Why orbitals? Limits of the Bohr model
At school level, atoms are described by the Bohr model: electrons on circular orbits of fixed energy. This model explains hydrogen's spectral lines but fails for multi-electron atoms and cannot predict molecular geometry. Quantum mechanics replaces orbits with atomic orbitals: wave functions ψ whose |ψ|² describes the probability of finding the electron at each point in space.
In preparatory classes and first-year university, you will encounter Schrödinger's equations. For now, note that each orbital is described by three quantum numbers (n, l, m_l) and a fourth (m_s = ±½) describes the electron's spin.
Quantum numbers
| Number | Symbol | Values | Meaning |
|---|---|---|---|
| Principal | n | 1, 2, 3… | Shell (main energy, size) |
| Azimuthal | l | 0 to n−1 | Subshell, shape |
| Magnetic | m_l | −l to +l | Spatial orientation |
| Spin | m_s | +½ or −½ | Electron spin |
Subshell l = 0 → s orbitals; l = 1 → p orbitals; l = 2 → d orbitals (important for transition metals).
Geometric shapes of orbitals
s orbital: spherical symmetry. All points equidistant from the nucleus have equal probability. One s orbital per subshell.
p orbitals: bilobed shape (two opposite lobes separated by a node at the nucleus). Three p orbitals per subshell (px, py, pz), oriented along the three spatial axes. Higher energy than the s orbital in the same shell.
d orbitals: more complex shapes — four orbitals with a 4-lobed cross (dxy, dxz, dyz, dx²-y²) plus a fifth, dz², with two lobes along z surrounded by an equatorial torus. Five d orbitals per subshell. Important for transition metals but not deeply explored at this level.
Filling rules
To fill the orbitals of a multi-electron atom, three rules apply:
1. Aufbau principle: fill orbitals in order of increasing energy (1s → 2s → 2p → 3s → 3p → 4s → 3d…). 2. Pauli exclusion principle: each orbital holds a maximum of 2 electrons with opposite spins. 3. Hund's rule: among degenerate orbitals (equal energy), electrons occupy as many different orbitals as possible with the same spin before pairing.
Example: Carbon (C) (Z = 6) → 1s² 2s² 2p² (the two 2p electrons occupy two different p orbitals).
Orbitals and covalent bonding
Covalent bonding is better understood with orbitals.
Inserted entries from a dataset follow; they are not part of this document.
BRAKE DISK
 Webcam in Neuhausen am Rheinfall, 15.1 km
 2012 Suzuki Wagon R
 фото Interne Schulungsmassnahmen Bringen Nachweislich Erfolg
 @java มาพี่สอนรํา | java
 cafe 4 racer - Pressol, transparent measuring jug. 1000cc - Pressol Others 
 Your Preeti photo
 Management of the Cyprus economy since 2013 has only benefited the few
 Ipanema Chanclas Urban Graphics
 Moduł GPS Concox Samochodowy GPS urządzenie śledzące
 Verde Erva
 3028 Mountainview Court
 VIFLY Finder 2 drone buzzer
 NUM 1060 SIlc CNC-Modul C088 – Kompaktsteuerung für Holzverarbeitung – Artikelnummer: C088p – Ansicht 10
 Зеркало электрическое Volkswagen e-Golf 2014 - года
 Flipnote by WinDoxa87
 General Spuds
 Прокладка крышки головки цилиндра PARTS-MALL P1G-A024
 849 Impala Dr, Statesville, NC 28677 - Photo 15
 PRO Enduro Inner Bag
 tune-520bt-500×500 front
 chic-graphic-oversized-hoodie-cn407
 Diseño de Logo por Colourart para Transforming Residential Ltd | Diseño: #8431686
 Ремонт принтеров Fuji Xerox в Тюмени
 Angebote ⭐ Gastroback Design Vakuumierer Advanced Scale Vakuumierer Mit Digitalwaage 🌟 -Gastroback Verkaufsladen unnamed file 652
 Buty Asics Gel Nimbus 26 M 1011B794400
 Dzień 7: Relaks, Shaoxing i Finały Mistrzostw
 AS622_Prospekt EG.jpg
When two atoms approach, their orbitals overlap:
- Head-on overlap (along the bond axis) → σ (sigma) bond: the strongest.
- Lateral overlap (perpendicular to the axis) → π (pi) bond: weaker, the reactive site in alkenes.
A C–C single bond = 1 σ. A C=C double bond = 1 σ + 1 π. A C≡C triple bond = 1 σ + 2 π.
Hybrid orbital theory (sp³, sp², sp) explains methane's tetrahedral geometry, ethylene's planarity, and acetylene's linearity — fundamental concepts for organometallic chemistry and preparatory classes.